Please return exactly the lines below that run from the line with "Centralina de Luzes" through the end of the listing, both included, but not the pictures.

-- DATA EXTRACT follows --

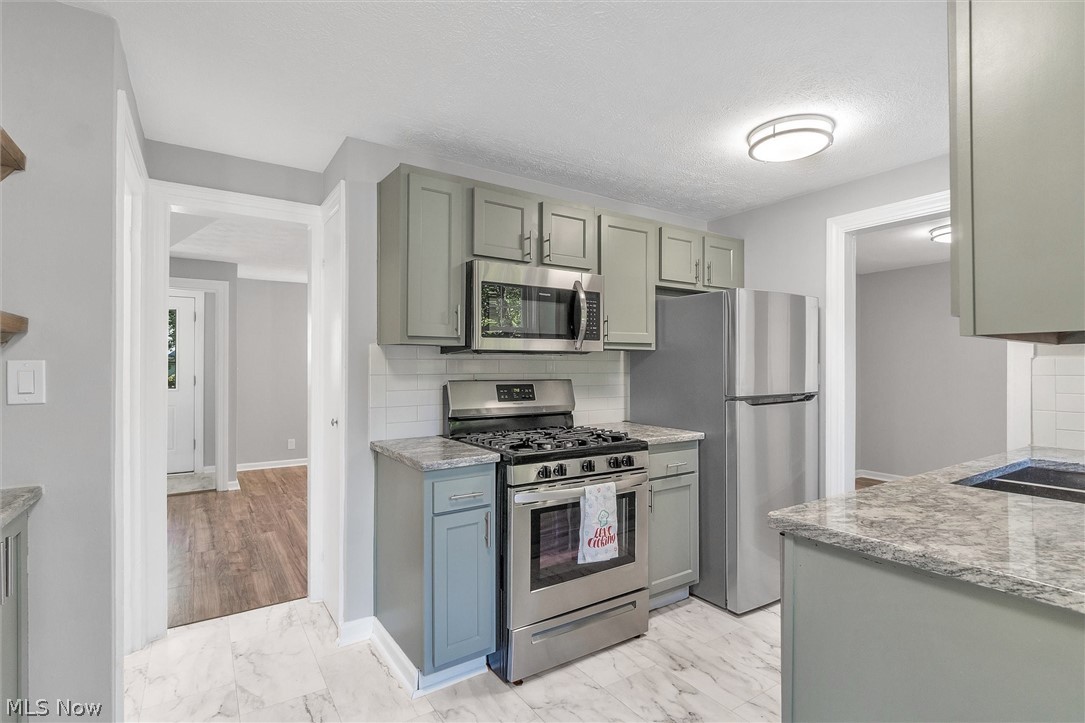 3738 Bainbridge Road Cleveland Heights, OH 44118 - Photo 10 of 31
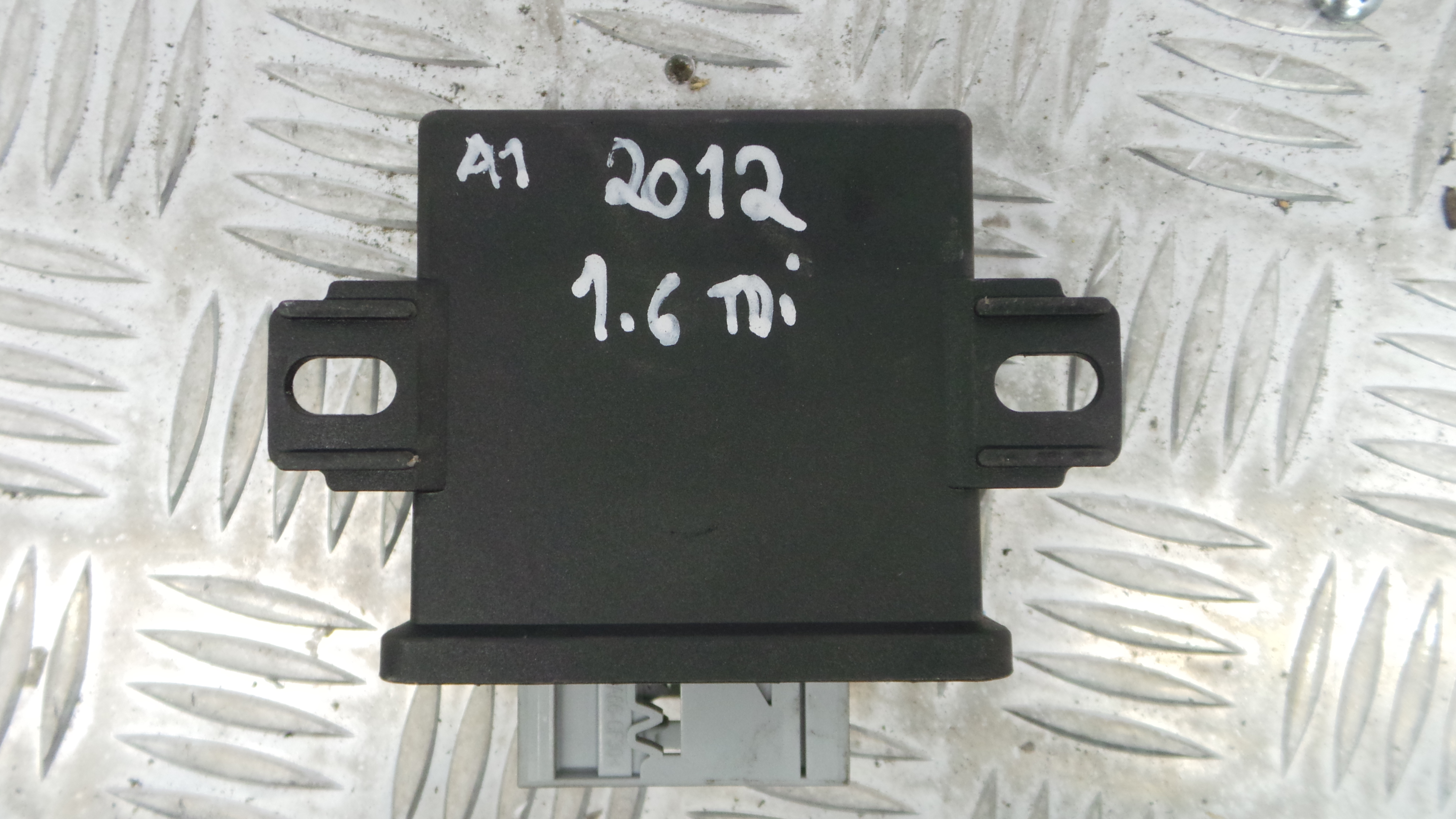 Centralina de Luzes 8X0907357B - AUDI A1 (8X1, 8XK)-33115279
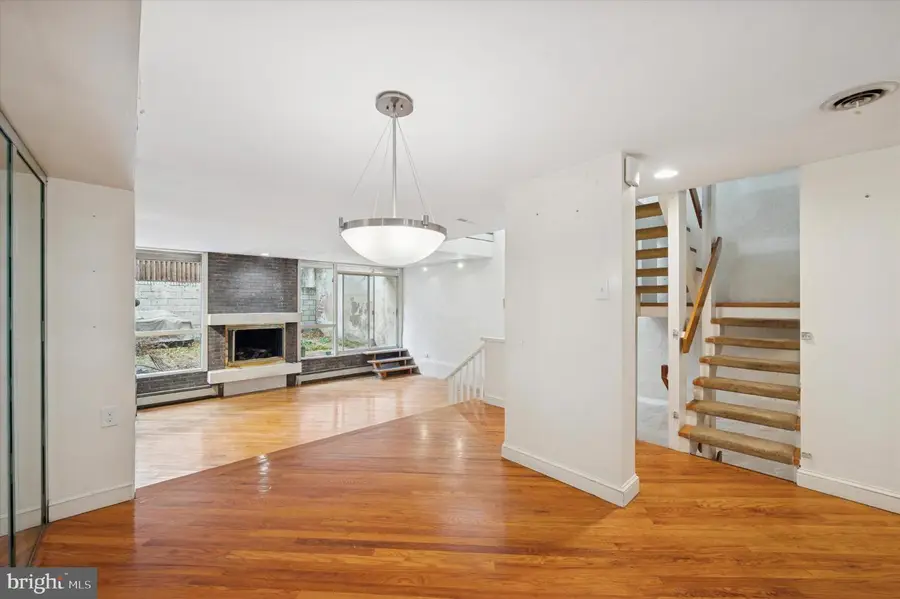 304 Delancey St, Philadelphia, PA 19106 - Image #3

-- DATA EXTRACT concluded --

RESULT:
 Centralina de Luzes 8X0907357B - AUDI A1 (8X1, 8XK)-33115279
 304 Delancey St, Philadelphia, PA 19106 - Image #3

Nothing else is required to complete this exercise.